Spatio-Temporal model structures with shared components for semi-continuous species distribution modelling
David Conesa (University of Valencia)
Friday 3rd November, 2017 15:00-16:00 Seminar room 311B
Understanding the spatio-temporal dynamism and environmental relationships of species is essential for the conservation of natural resources. Many spatio-temporally sampled processes result in continuous positive [0, ∞) abundance datasets that have many zero values observed in areas that lie outside their optimum niche. In such cases the most common option is to use two-part or hurdle models, which fit independent models and consequently independent environmental effects to occurrence and conditional-to-presence abundance. This may be correct in some cases, but not as much in others where the detection probability is related to the abundance.
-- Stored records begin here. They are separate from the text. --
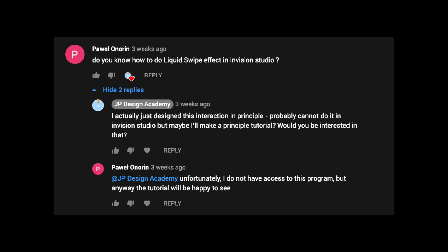Welcome back to the channel. I figured I'd give you guys another tutorial today. A few weeks ago I got this question from Powell Onoran asking if I knew how to do a liquid swipe effect inside of Envision Studio. I replied I'm not exactly sure how to do this inside of Envision Studio, frankly because I don't think it's possible, at least if I understand what he's asking correctly. But I had done something similar inside of Principle, so that's what this tutorial is gonna be about.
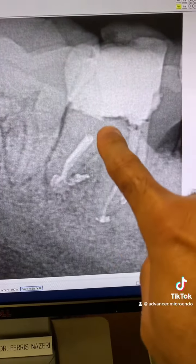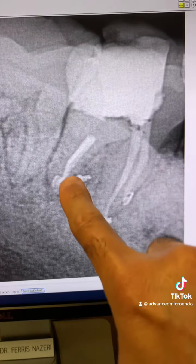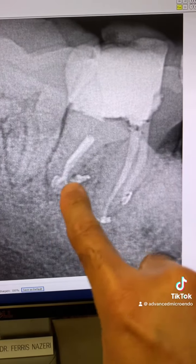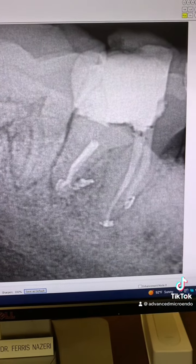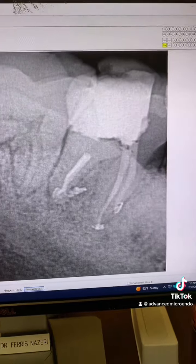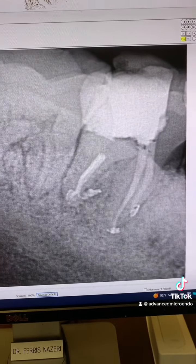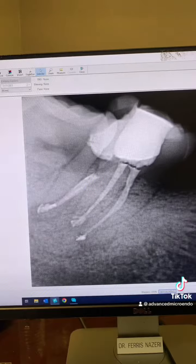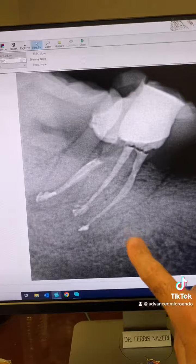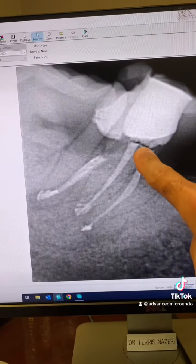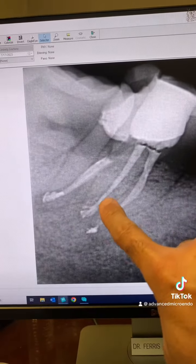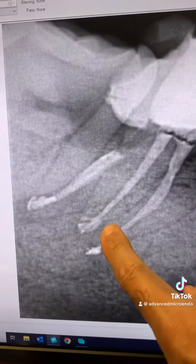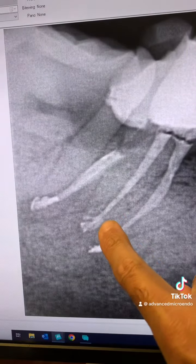Take a look here — look at this beautiful anatomy in the apical area of the distal canal. Let me show you a different angulation. Look at this angulation now. That's the mesiobuccal. Mesiobuccal is — look at that.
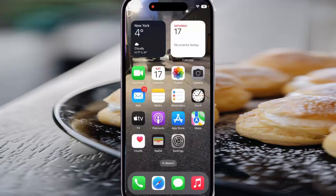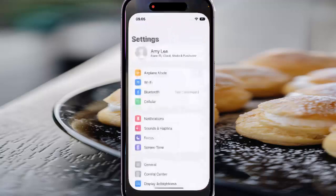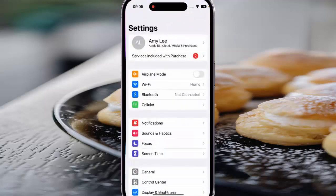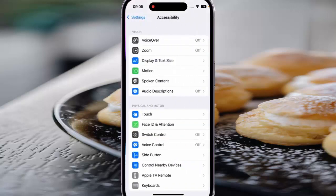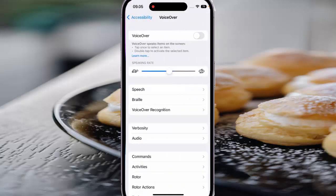To stop VoiceOver from speaking hints in iPhone 14 Pro photo settings, scroll down the screen and then tap Accessibility. Tap VoiceOver and then tap Verbosity.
The aim of this work is to infer the spatio-temporal dynamism of ecological processes and to fit more robust environmental effects in two-part models. On the one hand we propose different spatio-temporal to infer the fundamental spatio-temporal behaviour of the process under study. On the other hand, we propose the use of shared component modelling (SCM) to estimate more robust model effects in related semi-continuous datasets by combining information from occurrence and conditional-to-presence abundance. We use a simulation study to test the application of shared components in two different types of semi-continuous datasets. Lastly, we implement all the proposed model structures in a case study on the recruitment of hake in the western Mediterranean.